So far I haven't DMed epic tier, so that ask me to draw a distinction between whats paragon and whats epic.


btw Nytmare, I like your binary poll. Wishy washy ones always seem less useful to me as one always falls more into one camp or the other and the in between answers don't make any more clear one's results.
 



babinro

First Post
I tend to run them bottom up.

We often add things like if you're trained in Athletics and the party needs to climb, you can use an active perception check to find the best path and effectively lower the DC by 2 for anyone who takes it. Naturally those untrained would try that path.

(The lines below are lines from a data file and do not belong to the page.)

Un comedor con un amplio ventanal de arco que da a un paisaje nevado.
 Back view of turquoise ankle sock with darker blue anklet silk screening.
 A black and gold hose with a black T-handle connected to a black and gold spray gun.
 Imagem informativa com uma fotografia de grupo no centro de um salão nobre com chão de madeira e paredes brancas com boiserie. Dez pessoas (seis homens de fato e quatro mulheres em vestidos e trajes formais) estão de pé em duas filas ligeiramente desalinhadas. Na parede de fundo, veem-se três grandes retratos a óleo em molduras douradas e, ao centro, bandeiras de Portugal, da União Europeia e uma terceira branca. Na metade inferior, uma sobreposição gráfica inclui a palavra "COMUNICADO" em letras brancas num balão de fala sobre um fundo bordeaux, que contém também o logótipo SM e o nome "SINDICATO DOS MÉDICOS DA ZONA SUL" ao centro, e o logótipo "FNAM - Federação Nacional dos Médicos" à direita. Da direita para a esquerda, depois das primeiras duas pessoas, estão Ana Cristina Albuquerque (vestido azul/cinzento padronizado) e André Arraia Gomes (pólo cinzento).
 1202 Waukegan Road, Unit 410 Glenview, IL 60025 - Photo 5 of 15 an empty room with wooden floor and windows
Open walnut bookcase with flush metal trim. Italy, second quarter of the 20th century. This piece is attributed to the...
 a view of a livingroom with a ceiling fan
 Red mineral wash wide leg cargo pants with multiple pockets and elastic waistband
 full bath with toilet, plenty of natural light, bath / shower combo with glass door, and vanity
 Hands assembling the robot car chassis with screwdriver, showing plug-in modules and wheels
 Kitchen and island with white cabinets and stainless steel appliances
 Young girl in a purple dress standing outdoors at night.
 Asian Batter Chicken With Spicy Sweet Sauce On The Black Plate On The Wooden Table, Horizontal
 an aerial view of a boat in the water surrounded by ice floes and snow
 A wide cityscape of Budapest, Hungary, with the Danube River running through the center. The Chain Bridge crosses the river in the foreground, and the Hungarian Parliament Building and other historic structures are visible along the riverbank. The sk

These things usually arise due to player creativity and common sense. A mountainside would have various DC's of rock face to climb and a skilled climber would know what to look for.
 


Mengu

First Post
Top Down. To some it probably feels gamy that a wall should become harder to climb as you level up, but I create obstacles where they are meaningful. And if the DC of a climb becomes meaningless, the obstacle may as well just be part of the narrative.

The DC's are for actual challenges (whether it be an obstacle in the middle of combat or a skill challenge). I decide, this wall is going to be hard difficulty to climb, PC's are level 14, DC should be 23. At this point, I decide what the DC 23 wall should look like. It's a stone wall that's been weathered down with wind and sand, so the stones are smooth, what may once have been seams in the wall are filled with sand and calcified, hand holds are difficult to find.

Then I begin to cheat, and look at the Athletics skills for the PC's, three out of five have +18 or higher, and the lowest score is a +12. So this is not going to be very challenging for them. To add a little more excitement, I decide it's going to start raining just as they get to the wall, making the climb harder, increasing the DC by 2 for the first half the encounter, and by 5 for the second half.

If this was say a task requiring Thievery skill, and I realized the highest bonus in the party was a +9, I might be inclined to change something in the opposite direction, perhaps part of a mechanism is rusted or cracked, making it easy to smash and take out of the equation, and I'd lower the DC by 2 or 5.

So I basically start with the numbers, double check what the PC's are capable of, and then build in the picture based on the setting the challenge will be in.